Maybe so, but the city still has to comply with the court's rulings. In truth, the judges had good reason to reject the reasoning behind the restrictive ordinance. The city, for example, claimed such venues are an environmental and fire hazard. That's no truer of commercial ranges than of the law enforcement ranges located in Chicago — which numbered 11 at the time the case was argued.
The city claimed commercial shooting sites could generate crime. But the court noted the city furnished no evidence to support this conjecture. And a place frequented by law-abiding adults equipped with firearms and skilled in their use really isn't the most tempting target for felons.
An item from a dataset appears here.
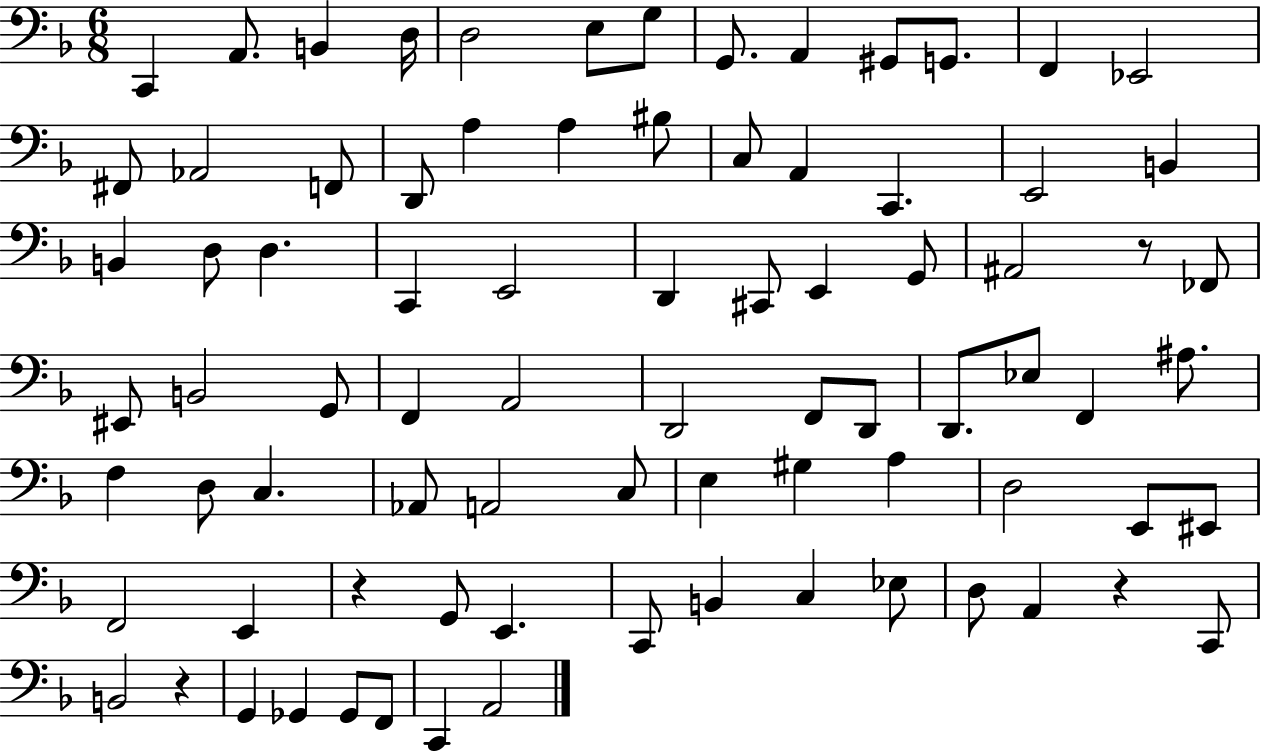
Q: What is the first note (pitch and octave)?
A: C2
Plenty of cities have found these facilities compatible with public safety. A large commercial gun range opened a few years ago in Waukegan, for example, and Waukegan police Cmdr. Joe Florip says there have been "no issues or problems." Nor does he recall any with another range that is no longer in business. Chicago's lawyers were able to find only two examples of thefts from shooting ranges in the entire United States since 2010.
There is also considerable social value in encouraging those who own guns to learn how to use them safely and competently and maintain their proficiency. That's what ranges are for, and there is no good reason to force Chicagoans to drive to the suburbs to find one.
Aldermen may not like to see their power to regulate guns curtailed in court. But it's about time they woke up to reality.